The regular Top 2 Primary would still be held in August for governor, U.S. Senate, and other statewide and local races. But the state would rely on the old precinct caucus-convention system, which Iowa and a handful of other states still use, for allocating national nominating convention delegates.
Washington has had a Presidential Primary since 1989, and was created by an initiative to the Legislature. It has been cancelled only once before, in 2004, another time when there was a budget shortfall and with the incumbent president apparently facing no serious challenge for re-nomination.
Here was Secretary Reed’s statement:
“I join Governor Gregoire in reluctantly asking the Legislature to suspend the 2012 Presidential Primary in Washington. Ever since the Legislature approved the presidential primary in 1989 as a people’s initiative to the Legislature, the primary has been a very popular way to engage average citizens, not just party activists, in the process of helping nominate candidates for President of the United States.
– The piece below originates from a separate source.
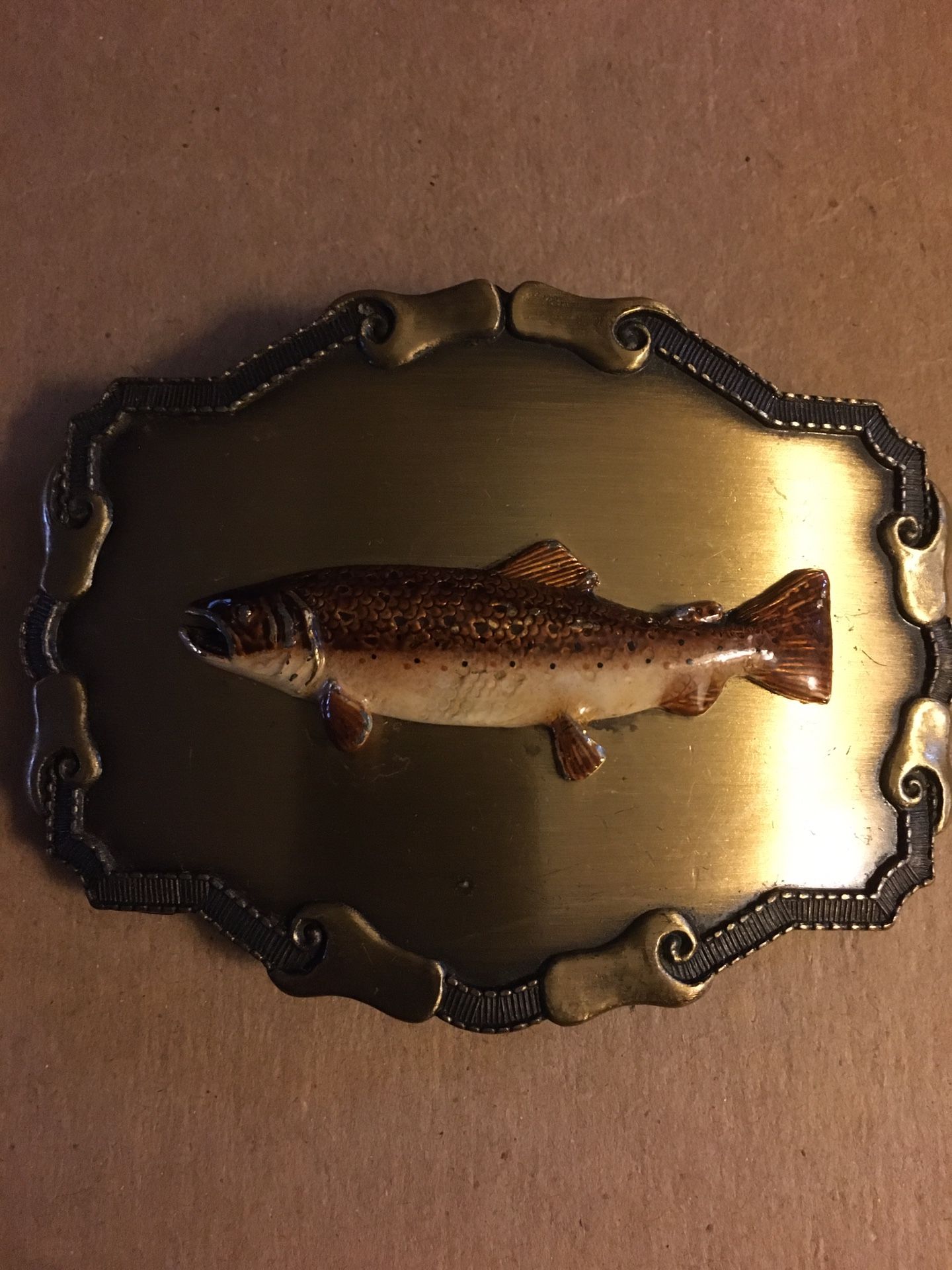 Vintage Brown Trout Fishing Belt Buckle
“Both the governor and I appreciate the party precinct caucuses as an opportunity for activists to gather for in-depth discussion of issues and potential party platform planks, and to begin the process of electing national convention delegates. But it is clear that the primary system, as adopted by a large majority of the states, is an accessible and convenient system that attracts far more voters than our caucuses do, even in a landmark election year like 2008. That year, the primary drew nearly 1.4 million Washingtonians – about 690,000 voting for a Democrat and 530,000 for a Republican – and our caucuses a fraction of that.
“Whereas caucuses require a voter to seek out the local gathering place and attend on a particular day, regardless of work schedule, handicap or other conflict, the presidential primary allows us to vote by mail over a period of several weeks.
“But at the same time, we acknowledge that Washington faces a grave budget shortfall and that many important public services must be suspended or eliminated. Suspending this election will save taxpayers more than $10 million. Ordinarily, I would be the last to propose suspending an election, but these are not ordinary times and we all are looking for ways to tighten our belts and live within our means. I look forward to Washington resuming the presidential primary in 2016.”